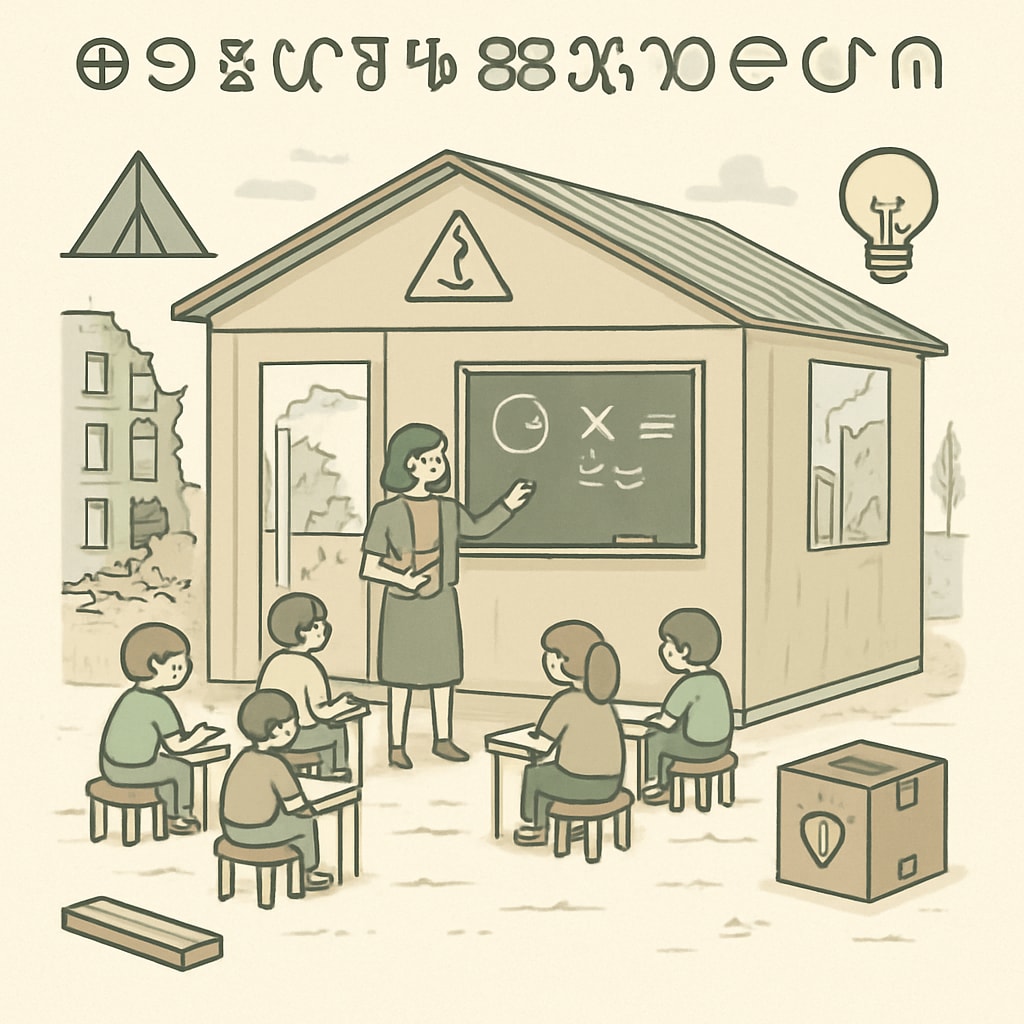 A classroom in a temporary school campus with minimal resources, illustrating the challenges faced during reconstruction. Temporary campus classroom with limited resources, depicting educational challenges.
...
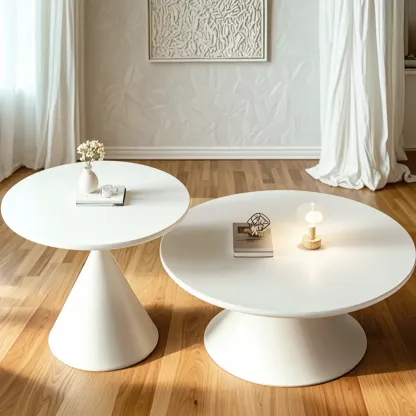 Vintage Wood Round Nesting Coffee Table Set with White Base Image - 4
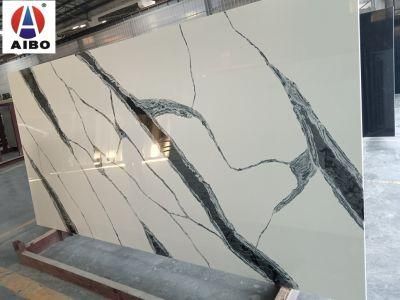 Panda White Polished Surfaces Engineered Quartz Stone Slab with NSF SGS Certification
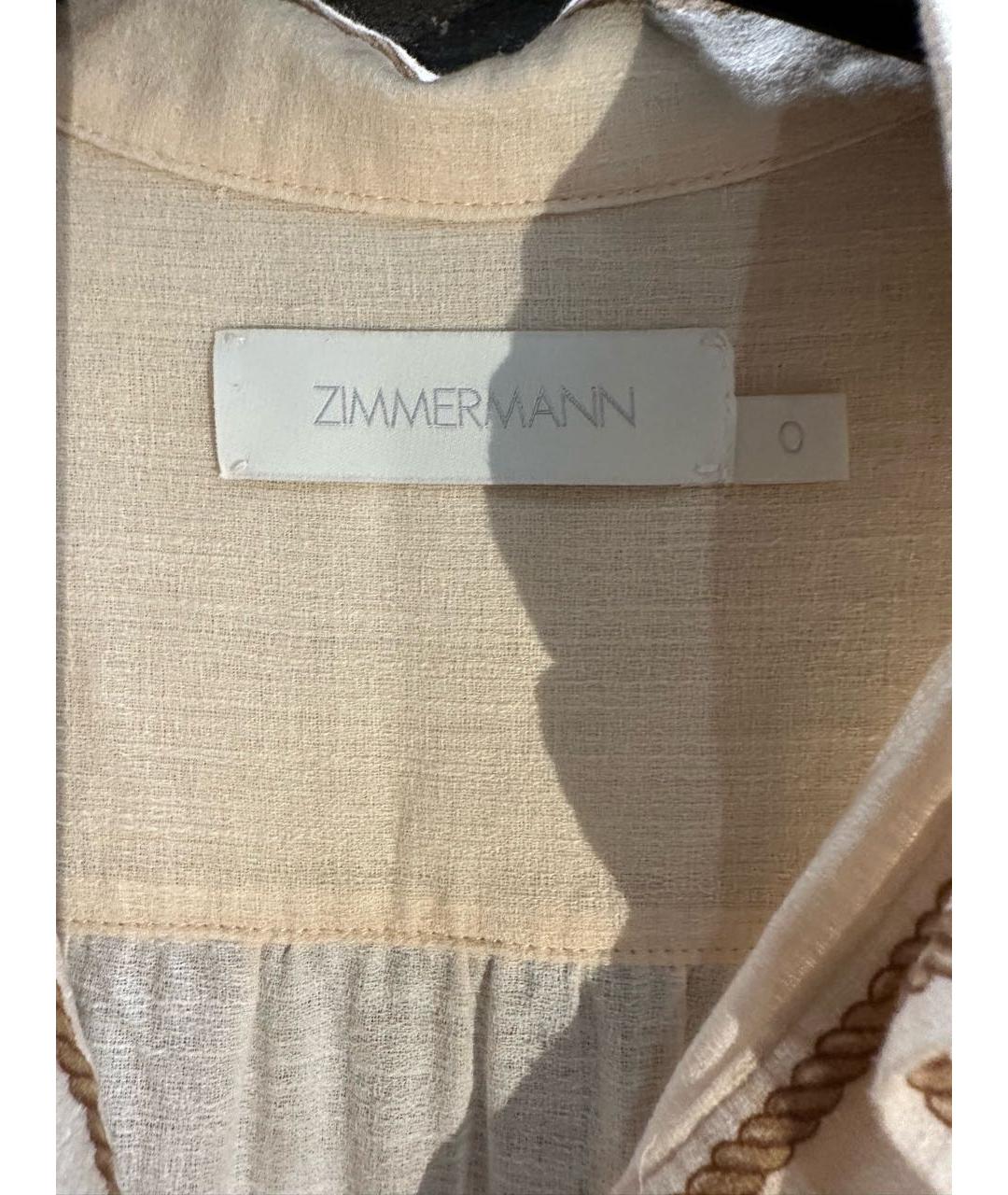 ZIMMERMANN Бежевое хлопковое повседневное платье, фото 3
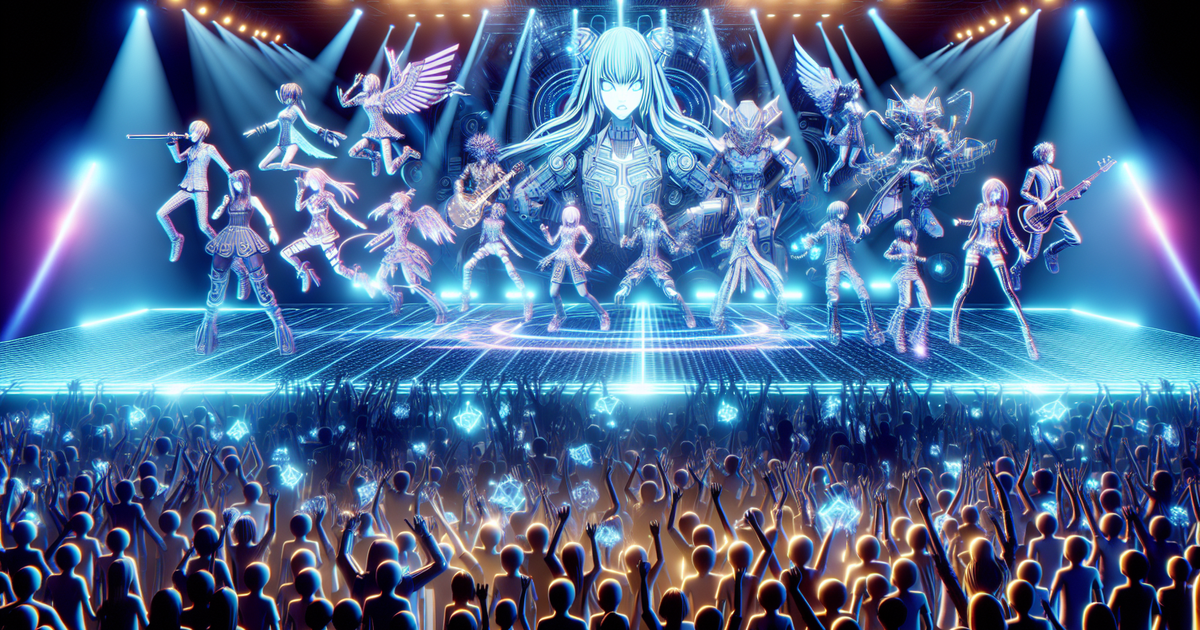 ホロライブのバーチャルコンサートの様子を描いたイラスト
--
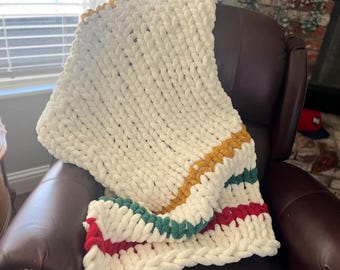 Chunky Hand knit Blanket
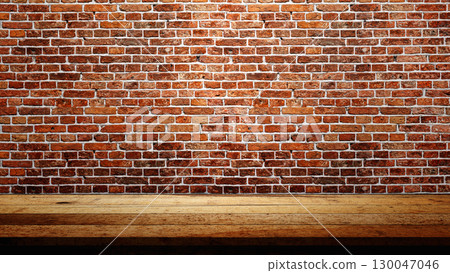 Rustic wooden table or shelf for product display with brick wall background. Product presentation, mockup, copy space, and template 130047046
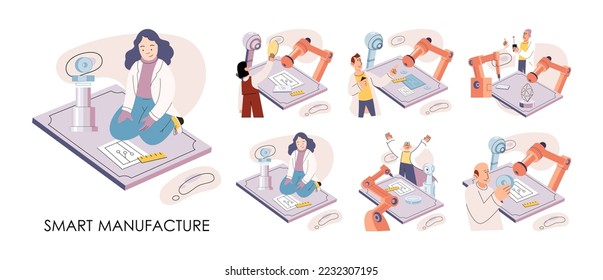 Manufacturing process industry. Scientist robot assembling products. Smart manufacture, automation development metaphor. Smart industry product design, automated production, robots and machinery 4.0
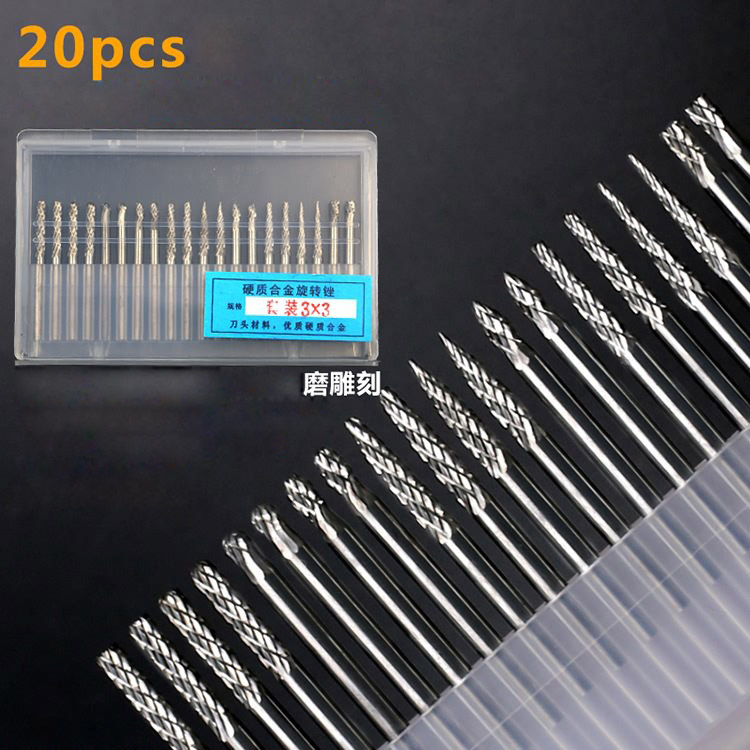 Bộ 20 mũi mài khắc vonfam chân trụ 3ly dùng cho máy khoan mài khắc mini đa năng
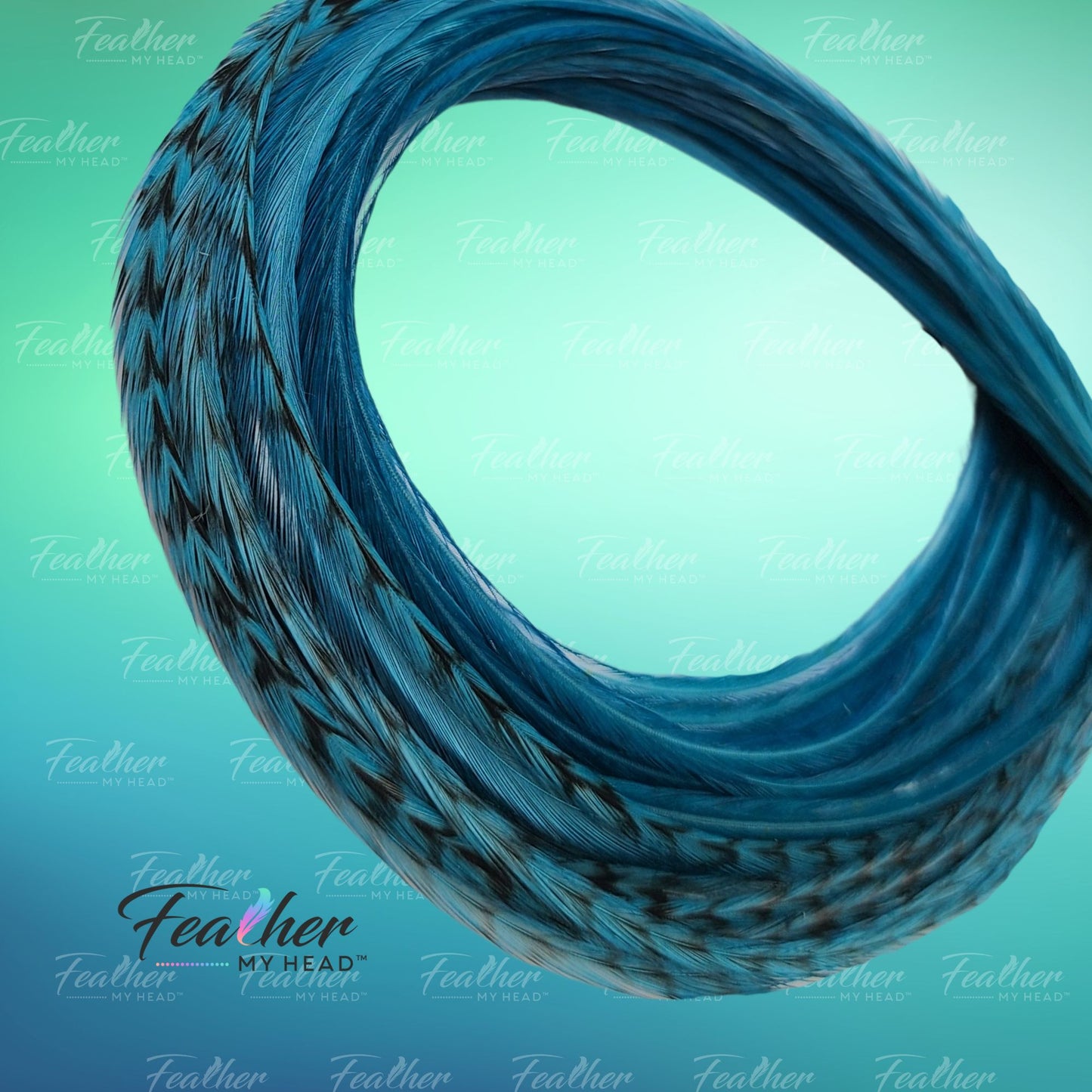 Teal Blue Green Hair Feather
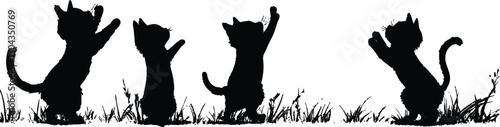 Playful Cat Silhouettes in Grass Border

▸ **ABOUT THIS TASK**
Starting at the line above that contains "Teal Blue Green Hair Feather", transcribe every line exactly through the line that contains "Playful Cat Silhouettes in Grass Border", including that last one, and skip the pictures.

▸ **OUTPUT BELOW**
 Teal Blue Green Hair Feather
 Playful Cat Silhouettes in Grass Border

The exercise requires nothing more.